- _How to complete this task_
Look through the entries below and copy exactly the part that begins with the line containing "62шт джамбо упаковка" and ends with the line containing "Mit Monogramm Pinguin aus Fleece". Do not copy the pictures.

- _Information supplied_
++++++
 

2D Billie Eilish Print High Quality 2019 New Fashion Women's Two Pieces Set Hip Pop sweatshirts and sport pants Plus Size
++++++
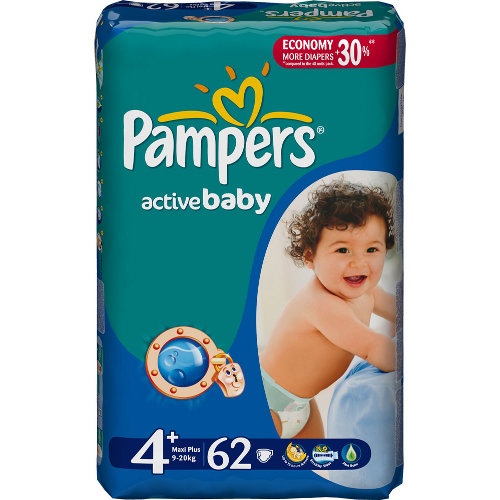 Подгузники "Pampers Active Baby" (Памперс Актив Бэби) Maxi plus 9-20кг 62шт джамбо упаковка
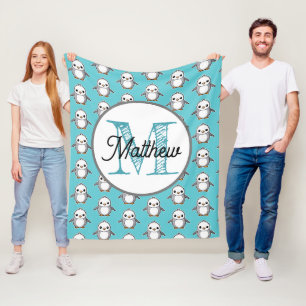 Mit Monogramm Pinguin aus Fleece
++++++
- _Written response_
 Подгузники "Pampers Active Baby" (Памперс Актив Бэби) Maxi plus 9-20кг 62шт джамбо упаковка
 Mit Monogramm Pinguin aus Fleece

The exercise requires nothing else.